# tlohde

Figure 3

Three subplots, the two on the left cover the same extent, and the one on the right shows a smaller area contained within. The top left shows change in ice veloicty (green=faster, pink=slower). There is no pink, and the intensity of green increases towards the glacier. In the lower left the rate of surface elevation change is shown where red=thinning, blue=thickening; much of the glacier has thinned with the greatest thinning near the terminus. Two water bodies indicate some increases in elevation, however dh/dt values over water are not to be trusted. On the right, a close up satellite image of a glacier terminus with multiple terminus traces shown for a 6 year 2014-2020 period. Some terminus retreat is visible at the northern end of the glacier, near some grounded icebergs
Figure 3: Isortuarsuup Sermia: (a) change in average annual velocity between 2013–2021; (b) rate of surface elevation change (September 2012– June 2021) from ArcticDEM (negative denotes thinning); manually digitised ice margin shown in black in (a) and (b); (c) terminus positions 2014–2021. Red box in (a) denotes extent of (c). White arrows in (c) indicates the Little Ice Age trim-line and the black arrow points to the associated terminal moraine with icebergs grounded on its sublacustrine extension indicated by the orange arrow.

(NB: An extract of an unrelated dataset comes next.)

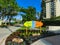 Siesta Key welcome sign with beach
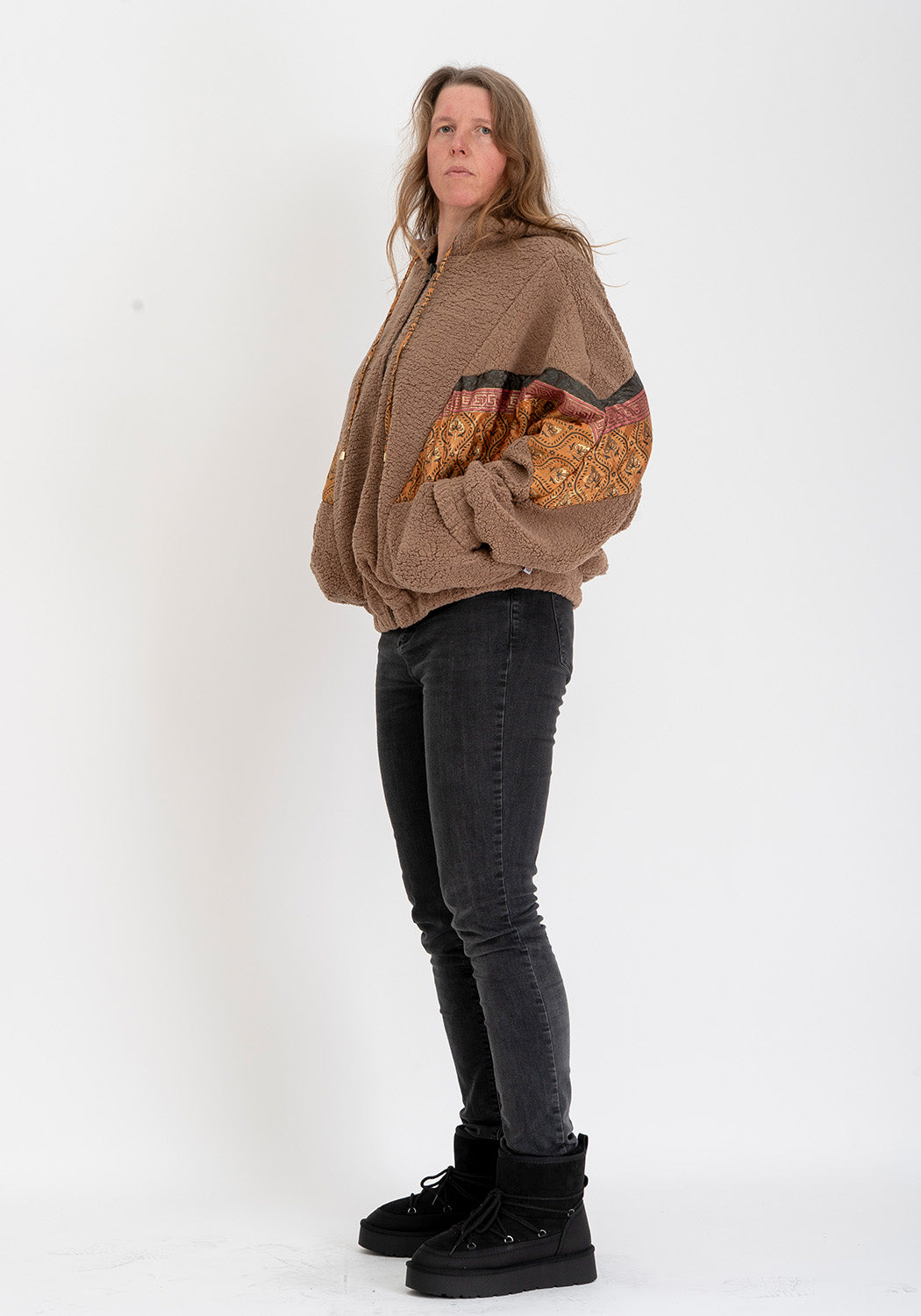 Camel Teddyjacke mit Wendbarer Sari Seite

projection NSIDC Sea Ice Polar Stereographic North. EPSG:3413
tools Python libraries: geopandas, cartopy, xarray and matplotlib
data Ice Velocity data generated using auto-RIFT (Gardner et al., 2018) and provided by the NASA MEaSUREs ITS_LIVE; Surface elevation derived from Arctic DEM v4.1 (Porter et al., 2023); Background: Sentinel-2 acquisition from 19 September 2022 (ESA Copernicus, 2022)
comments A clear thinning and acceleration signal is displayed, and the terminus retreating from the hypothesised sublacustrine moraine is reasonably clear.